VI.      EXCEPTED MATTERS

         Notwithstanding the foregoing, any action or proceeding brought for
breach of or to interpret or enforce the terms of this Separation Agreement is
excepted from the Covenant Not to Sue set forth in Article V.

VII.     ADDITIONAL AGREEMENTS BY THE PARTIES AND ACTS TO BE TAKEN BY THE
         PARTIES

         As additional consideration the Parties agree as follows:

         A.       Compensation. DTS will pay Beard all deferred and past due
compensation owed ($314,986.26), plus interest of $18,472.45 to February 29,
2000 (total $333,458.71), less usual withholding, concurrently with the
execution of this Agreement by Beard and Nuoptix.

         B.       Payment to Nuoptix. DTS has paid to Nuoptix all amounts due to
Nuoptix for all goods and/or services supplied by Nuoptix to DTS to the
Effective Date.

         C.       DTS and Nuoptix maintain a theater at the Premises, located at
31336 via Colinas, Suite 103, Westlake Village, California ("Leased Premises")
that are accessed through the offices of Nuoptix. Title to all the equipment at
the Leased Premises that is not now owned by Nuoptix shall be deemed transferred
by DTS to Nuoptix on the Effective Date by this Agreement, except for two film
projectors and a DTS 6AD Audio Processor.
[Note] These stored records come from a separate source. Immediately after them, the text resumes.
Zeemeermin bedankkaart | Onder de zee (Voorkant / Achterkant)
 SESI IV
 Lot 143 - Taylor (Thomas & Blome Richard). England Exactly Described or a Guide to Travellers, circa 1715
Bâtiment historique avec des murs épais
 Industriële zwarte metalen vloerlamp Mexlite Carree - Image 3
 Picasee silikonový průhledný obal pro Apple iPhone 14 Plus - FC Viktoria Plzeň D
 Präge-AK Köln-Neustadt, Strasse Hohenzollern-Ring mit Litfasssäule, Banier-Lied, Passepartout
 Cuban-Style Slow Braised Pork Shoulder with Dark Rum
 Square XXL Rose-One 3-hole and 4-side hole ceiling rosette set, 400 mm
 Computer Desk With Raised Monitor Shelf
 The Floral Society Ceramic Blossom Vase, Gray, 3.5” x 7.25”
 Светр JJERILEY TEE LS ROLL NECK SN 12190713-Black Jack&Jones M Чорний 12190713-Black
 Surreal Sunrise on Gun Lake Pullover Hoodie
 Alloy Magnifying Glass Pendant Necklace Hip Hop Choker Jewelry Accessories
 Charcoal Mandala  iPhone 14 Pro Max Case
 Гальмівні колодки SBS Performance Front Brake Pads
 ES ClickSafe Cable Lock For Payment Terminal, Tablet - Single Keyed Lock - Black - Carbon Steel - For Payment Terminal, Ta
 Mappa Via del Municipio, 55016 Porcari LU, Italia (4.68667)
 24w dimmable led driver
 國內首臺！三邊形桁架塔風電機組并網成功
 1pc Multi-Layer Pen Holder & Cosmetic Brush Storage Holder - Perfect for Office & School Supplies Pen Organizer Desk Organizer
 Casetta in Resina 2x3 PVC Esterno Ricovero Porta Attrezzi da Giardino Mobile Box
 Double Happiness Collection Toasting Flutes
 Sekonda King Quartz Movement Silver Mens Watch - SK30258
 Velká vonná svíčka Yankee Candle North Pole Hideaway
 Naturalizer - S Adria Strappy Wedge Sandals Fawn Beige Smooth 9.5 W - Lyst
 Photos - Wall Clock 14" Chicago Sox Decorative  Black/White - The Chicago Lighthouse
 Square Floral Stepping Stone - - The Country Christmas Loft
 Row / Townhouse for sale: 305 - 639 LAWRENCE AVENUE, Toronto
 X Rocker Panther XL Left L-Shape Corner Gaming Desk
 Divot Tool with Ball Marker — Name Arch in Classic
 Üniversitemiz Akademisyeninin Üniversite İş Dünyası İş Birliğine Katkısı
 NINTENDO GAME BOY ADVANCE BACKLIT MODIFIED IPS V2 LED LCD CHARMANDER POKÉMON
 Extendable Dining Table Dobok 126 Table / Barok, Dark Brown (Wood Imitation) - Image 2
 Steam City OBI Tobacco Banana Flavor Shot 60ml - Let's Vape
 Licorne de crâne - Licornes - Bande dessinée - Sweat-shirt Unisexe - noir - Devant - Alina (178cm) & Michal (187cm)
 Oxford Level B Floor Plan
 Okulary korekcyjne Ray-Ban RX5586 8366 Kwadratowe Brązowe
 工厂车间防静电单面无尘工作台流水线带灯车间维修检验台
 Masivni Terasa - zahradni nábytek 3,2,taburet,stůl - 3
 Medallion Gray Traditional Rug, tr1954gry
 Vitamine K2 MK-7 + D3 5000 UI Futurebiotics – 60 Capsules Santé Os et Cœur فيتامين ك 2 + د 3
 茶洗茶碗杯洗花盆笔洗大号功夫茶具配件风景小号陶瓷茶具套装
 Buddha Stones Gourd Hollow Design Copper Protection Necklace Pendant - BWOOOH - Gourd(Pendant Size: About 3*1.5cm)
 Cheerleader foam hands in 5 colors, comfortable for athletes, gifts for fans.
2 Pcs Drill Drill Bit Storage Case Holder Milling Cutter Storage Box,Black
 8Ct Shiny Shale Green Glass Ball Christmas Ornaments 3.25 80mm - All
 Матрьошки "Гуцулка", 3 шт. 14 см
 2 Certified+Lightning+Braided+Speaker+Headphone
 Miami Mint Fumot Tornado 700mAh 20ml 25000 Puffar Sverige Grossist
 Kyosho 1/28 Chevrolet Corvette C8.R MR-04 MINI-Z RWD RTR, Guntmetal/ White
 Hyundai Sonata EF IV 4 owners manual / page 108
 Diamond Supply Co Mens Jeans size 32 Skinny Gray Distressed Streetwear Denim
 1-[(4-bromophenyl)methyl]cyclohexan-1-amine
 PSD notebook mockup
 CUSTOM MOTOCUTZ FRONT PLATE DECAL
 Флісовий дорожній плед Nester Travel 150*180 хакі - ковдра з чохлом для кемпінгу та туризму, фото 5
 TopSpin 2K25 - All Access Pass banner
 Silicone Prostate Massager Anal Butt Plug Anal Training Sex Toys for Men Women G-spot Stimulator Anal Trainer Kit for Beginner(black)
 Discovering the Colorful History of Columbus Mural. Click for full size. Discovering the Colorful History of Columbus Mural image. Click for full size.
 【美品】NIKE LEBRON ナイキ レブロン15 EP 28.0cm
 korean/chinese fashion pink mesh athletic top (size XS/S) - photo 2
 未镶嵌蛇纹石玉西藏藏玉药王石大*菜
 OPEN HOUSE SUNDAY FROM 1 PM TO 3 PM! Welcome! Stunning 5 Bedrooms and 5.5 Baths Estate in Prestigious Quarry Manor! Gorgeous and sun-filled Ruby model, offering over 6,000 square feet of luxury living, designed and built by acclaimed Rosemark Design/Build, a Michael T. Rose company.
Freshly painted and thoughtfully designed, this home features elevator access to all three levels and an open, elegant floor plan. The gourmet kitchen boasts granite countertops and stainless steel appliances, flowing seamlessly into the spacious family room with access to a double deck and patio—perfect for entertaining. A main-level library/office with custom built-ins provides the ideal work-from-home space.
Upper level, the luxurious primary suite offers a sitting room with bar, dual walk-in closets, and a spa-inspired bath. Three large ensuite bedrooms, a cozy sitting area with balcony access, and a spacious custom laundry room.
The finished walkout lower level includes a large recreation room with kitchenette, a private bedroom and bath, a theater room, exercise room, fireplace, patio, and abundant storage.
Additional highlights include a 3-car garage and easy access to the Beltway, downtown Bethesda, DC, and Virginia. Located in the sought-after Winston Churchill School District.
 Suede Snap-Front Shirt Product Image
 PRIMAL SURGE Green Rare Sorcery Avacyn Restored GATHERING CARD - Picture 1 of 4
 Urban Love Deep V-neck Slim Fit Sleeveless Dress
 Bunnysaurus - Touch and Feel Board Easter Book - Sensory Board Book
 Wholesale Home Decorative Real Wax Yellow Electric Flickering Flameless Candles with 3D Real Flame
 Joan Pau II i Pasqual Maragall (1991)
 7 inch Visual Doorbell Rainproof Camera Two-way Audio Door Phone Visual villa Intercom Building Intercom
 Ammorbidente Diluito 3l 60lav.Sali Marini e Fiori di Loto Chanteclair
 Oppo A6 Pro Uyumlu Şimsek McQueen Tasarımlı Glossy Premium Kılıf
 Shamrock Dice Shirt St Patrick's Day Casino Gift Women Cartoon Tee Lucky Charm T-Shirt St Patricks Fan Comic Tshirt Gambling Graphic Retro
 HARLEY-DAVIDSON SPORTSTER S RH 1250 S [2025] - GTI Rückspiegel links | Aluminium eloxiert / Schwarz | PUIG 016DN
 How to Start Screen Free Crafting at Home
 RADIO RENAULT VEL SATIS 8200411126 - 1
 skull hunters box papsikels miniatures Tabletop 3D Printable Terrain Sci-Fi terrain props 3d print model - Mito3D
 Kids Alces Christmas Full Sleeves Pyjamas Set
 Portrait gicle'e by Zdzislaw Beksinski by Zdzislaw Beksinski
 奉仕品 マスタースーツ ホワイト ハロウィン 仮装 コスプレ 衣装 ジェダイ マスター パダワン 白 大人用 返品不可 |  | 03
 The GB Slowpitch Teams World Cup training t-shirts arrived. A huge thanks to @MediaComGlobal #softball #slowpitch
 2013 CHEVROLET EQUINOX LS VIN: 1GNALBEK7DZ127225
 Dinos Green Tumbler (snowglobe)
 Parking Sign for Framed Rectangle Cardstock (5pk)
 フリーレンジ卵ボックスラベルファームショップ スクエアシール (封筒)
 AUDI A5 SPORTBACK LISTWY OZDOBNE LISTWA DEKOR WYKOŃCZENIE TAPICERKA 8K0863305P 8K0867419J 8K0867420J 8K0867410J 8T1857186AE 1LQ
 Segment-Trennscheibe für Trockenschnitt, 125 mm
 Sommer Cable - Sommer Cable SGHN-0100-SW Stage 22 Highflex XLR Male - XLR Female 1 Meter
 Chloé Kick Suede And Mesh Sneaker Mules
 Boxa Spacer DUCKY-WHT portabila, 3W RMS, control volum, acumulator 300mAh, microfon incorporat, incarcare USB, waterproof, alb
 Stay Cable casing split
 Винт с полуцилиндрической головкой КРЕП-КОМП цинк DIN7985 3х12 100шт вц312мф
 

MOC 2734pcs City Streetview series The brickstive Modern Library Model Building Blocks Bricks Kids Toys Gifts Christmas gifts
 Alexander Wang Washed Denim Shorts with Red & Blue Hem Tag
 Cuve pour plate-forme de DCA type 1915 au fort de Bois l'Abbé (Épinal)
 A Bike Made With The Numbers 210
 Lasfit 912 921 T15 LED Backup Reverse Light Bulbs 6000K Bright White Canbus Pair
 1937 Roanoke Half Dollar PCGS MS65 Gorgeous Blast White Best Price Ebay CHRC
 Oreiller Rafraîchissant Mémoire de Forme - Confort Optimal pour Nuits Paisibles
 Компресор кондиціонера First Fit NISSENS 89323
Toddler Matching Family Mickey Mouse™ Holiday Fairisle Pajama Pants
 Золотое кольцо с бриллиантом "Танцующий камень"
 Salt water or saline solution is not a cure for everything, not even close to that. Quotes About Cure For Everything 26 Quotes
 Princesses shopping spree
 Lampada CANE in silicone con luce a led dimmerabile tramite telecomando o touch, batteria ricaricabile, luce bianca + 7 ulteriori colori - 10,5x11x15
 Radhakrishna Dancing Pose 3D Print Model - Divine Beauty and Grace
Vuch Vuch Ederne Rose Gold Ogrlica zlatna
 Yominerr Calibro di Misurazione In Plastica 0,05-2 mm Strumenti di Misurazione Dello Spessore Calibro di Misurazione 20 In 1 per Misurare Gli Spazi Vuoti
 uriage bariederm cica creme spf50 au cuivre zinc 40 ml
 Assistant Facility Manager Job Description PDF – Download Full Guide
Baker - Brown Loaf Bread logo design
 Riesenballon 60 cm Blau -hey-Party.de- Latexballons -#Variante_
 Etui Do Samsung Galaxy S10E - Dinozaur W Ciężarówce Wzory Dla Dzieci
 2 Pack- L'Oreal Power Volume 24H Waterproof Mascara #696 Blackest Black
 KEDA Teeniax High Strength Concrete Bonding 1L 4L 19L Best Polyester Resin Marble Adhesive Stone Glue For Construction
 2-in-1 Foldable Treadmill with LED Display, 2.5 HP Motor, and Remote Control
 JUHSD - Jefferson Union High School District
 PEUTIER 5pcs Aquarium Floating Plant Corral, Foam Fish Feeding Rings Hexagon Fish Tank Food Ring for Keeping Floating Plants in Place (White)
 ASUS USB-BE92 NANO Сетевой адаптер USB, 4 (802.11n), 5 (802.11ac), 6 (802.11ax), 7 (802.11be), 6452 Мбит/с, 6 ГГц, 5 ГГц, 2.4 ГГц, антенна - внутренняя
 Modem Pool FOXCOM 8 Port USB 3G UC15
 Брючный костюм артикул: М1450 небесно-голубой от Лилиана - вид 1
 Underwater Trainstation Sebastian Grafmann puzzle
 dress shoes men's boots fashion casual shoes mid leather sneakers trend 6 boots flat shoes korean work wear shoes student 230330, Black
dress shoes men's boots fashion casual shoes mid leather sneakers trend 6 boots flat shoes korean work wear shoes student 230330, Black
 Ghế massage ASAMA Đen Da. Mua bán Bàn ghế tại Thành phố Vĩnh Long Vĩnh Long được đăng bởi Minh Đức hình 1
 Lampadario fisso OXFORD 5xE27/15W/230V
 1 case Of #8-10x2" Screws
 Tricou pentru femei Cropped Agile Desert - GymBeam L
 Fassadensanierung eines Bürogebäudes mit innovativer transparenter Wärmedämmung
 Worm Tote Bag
Nuoptix agrees to cooperate with DTS
to enable DTS to use the theater in accordance with past practices until
September 30, 2000 (so long as Nuoptix is able to obtain possession through that
date of the Leased Premises under a direct lease on terms acceptable to
Nuoptix). DTS may remove either or both projectors and the DTS 6AD Audio Process
from the theater at any time until September 30, 2000. Thereafter any DTS
property remaining at the Leased Premises shall be deemed to have been sold by
DTS to Nuoptix, and shall thereafter be the sole property of Nuoptix, in
consideration for its execution of this Separation Agreement. Nuoptix shall have
no responsibility for loss or damage to the projectors or the 6AD Audio
Processor, unless caused by its negligent or intentional act. DTS agrees to
cooperate with Nuoptix to enable Nuoptix to enter into a direct lease, as
lessee, of the Leased Premises beginning July 1, 2000.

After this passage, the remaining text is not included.